I am still loving this gorgeous sunshine every day but...
♥ I only started to crochet a couple of years ago when after picking up a copy of a magazine that was featuring Nicki Trench's book Cute and easy Crochet I just desperately wanted to be able to do it. I bought the book and drooled a little over all the gorgeous patterns and then googled 'How to Crochet'. Fantastic! All sorts of video clips showing you what to do, and the best bit of all was that you can pause and re start, pause and re start again and again and again until you have it. This was quite possibly a little annoying for anyone else that happened to be in the room but it had to be done.. From that point on there was no looking back, I was totally and utterly hooked!
♥ So for my first project I picked one of the Level 1 Beginner patterns and set to...

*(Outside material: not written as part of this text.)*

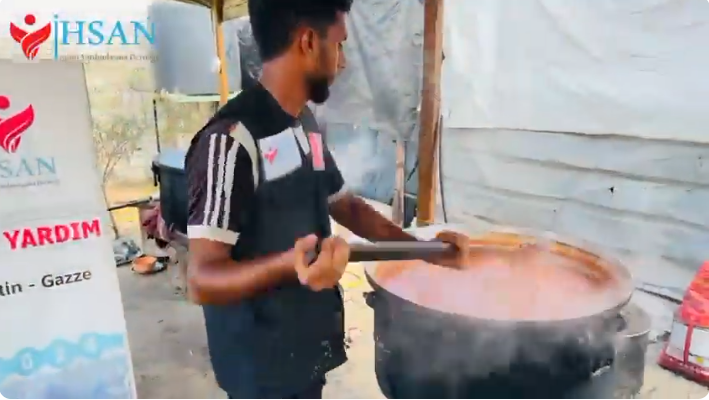 توزيع وجبات الطعام الساخنة في 14-8-2024 جنوب قطاع غزة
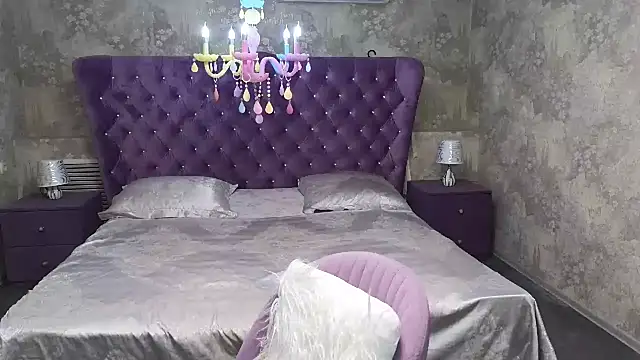 Eloisa Eliot online show from 10.10.25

♥ I chose to work the pattern a little differently by alternating the patterned squares with plain double crocheted squares, and just worked with two colours, white for the flowers and a mushroomy colour for the rest of the blanket. Oh, actually it was three as I've just looked at the picture and realised the border had a darker taupe added in to it.
♥ Looking back I think it was a good starter project as each little square was quite quick to do and somehow that spurred me on. I'd like to think that I also got better with each square, as looking at this photo practise definitely needed to make perfect!
♥ Bit by bit it grew, albeit very slowly, and soon I was able to start joining sections together. Before too long it was blanket sized and then just needed finishing off with a border. Having since made lots of other blankets I have discovered that this is my favourite bit - I absolutely love deciding how to finish my blankets off, and I just sort of make it up as I go along.
♥ The shell border just seemed to look right on this blanket, and it was so satisfying to do as it gave such an instant result.
♥ Having finished the border it was at this point that I realised that the back really does need to be as neat as the front -oops ! Thank goodness for cotton jersey...
...it hides a multitude of sins - and it almost looks like I planned it!
♥ and here it is all finished, a bit wibbly wobbly in places but a start never the less.